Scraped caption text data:
□ □ □ □ □ □ □
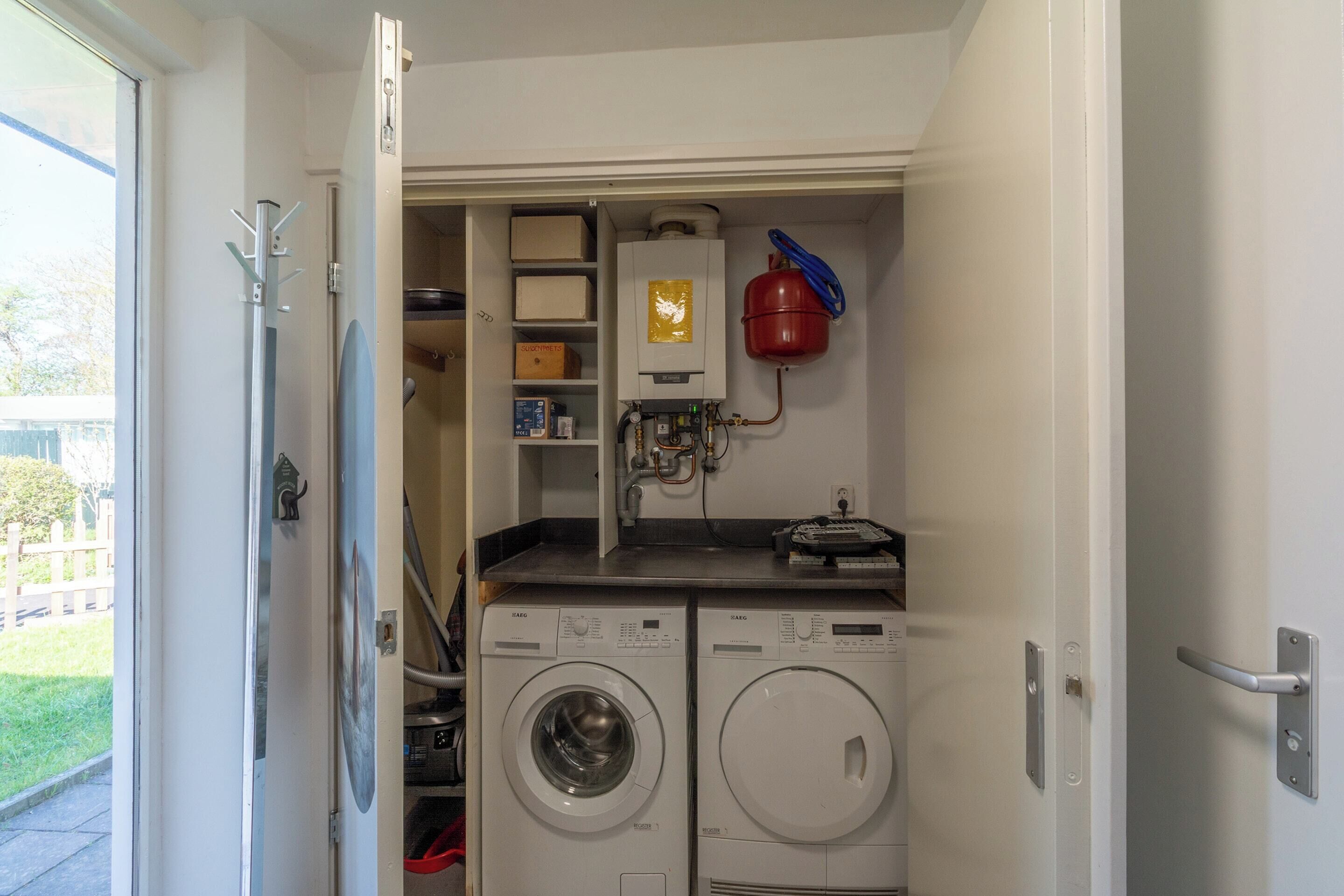 A laundry room with two washing machines, a water heater, and a fire extinguisher.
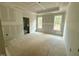 Bright main bedroom with two large windows and a tray ceiling at 60 Stream View Way, Spring Hope, NC 27882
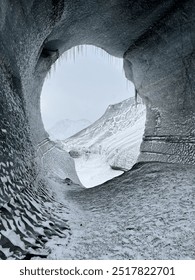 Looking through an opening of an ice cave out into the expanse of nature.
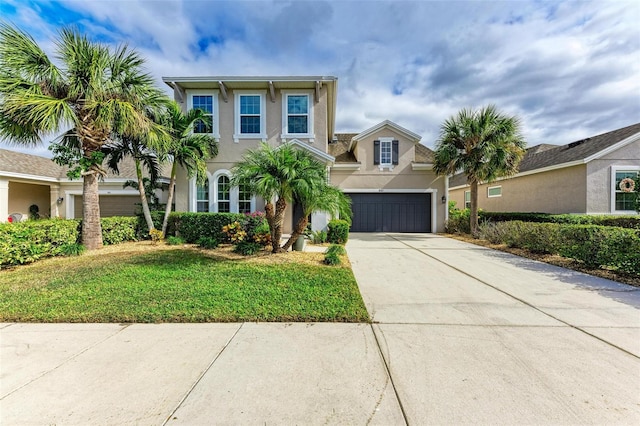 view of front of home featuring a front yard and a garage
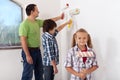 Kids and their father painting a room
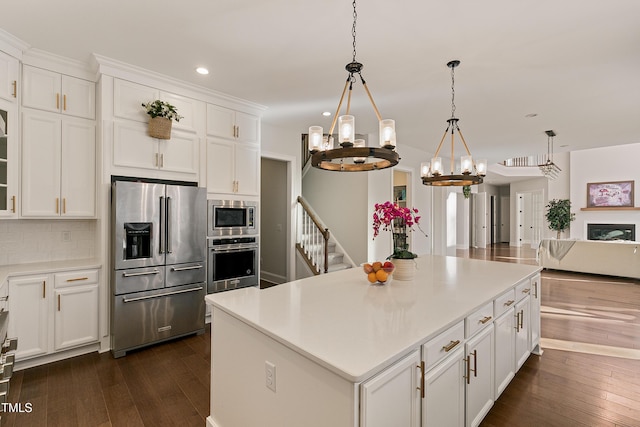 1475 Sierra Glen Cir, Apex, NC 27502 - kitchen with stainless steel appliances, recessed lighting, dark wood-type flooring, decorative backsplash, and white cabinetry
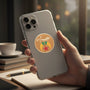 Metal Stickems 2-inch Shriners metal emblem with enamel detail applied to the back of a smartphone held in a hand.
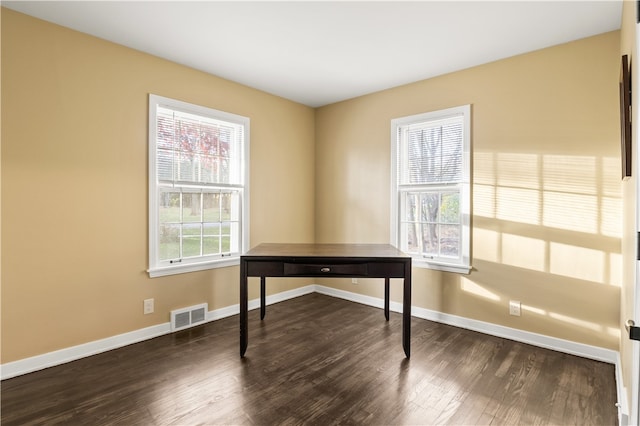 office with dark wood-type flooring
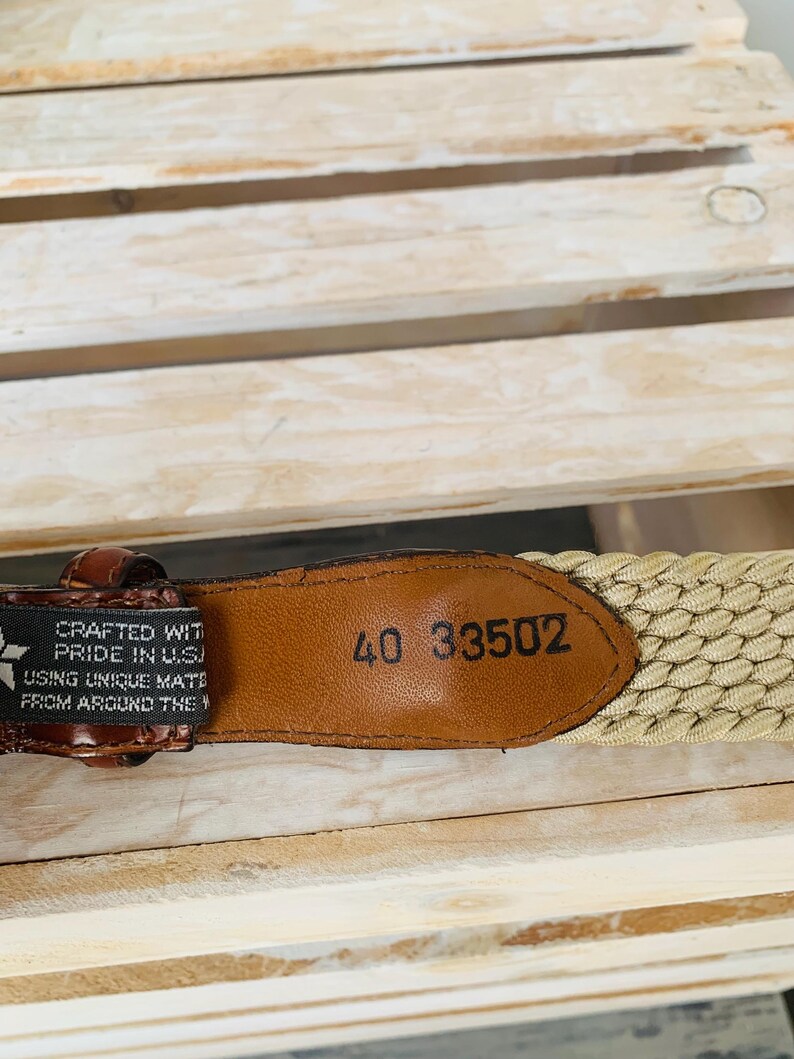 Puede incluir: Primer plano de un cintur&oacute;n tejido marr&oacute;n y beige. El cintur&oacute;n tiene una etiqueta de cuero con el n&uacute;mero "40 33502" en relieve. El cintur&oacute;n est&aacute; fabricado con orgullo en los EE. UU.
□ □ □ □ □ □ □
WORK REQUEST:
Taking the records above, print only and exactly the lines from the line with "Bright main bedroom" to the line with "Kids and their father painting a room", both kept, and exclude pictures.

EXERCISE RESPONSE:
 Bright main bedroom with two large windows and a tray ceiling at 60 Stream View Way, Spring Hope, NC 27882
 Looking through an opening of an ice cave out into the expanse of nature.
 view of front of home featuring a front yard and a garage
 Kids and their father painting a room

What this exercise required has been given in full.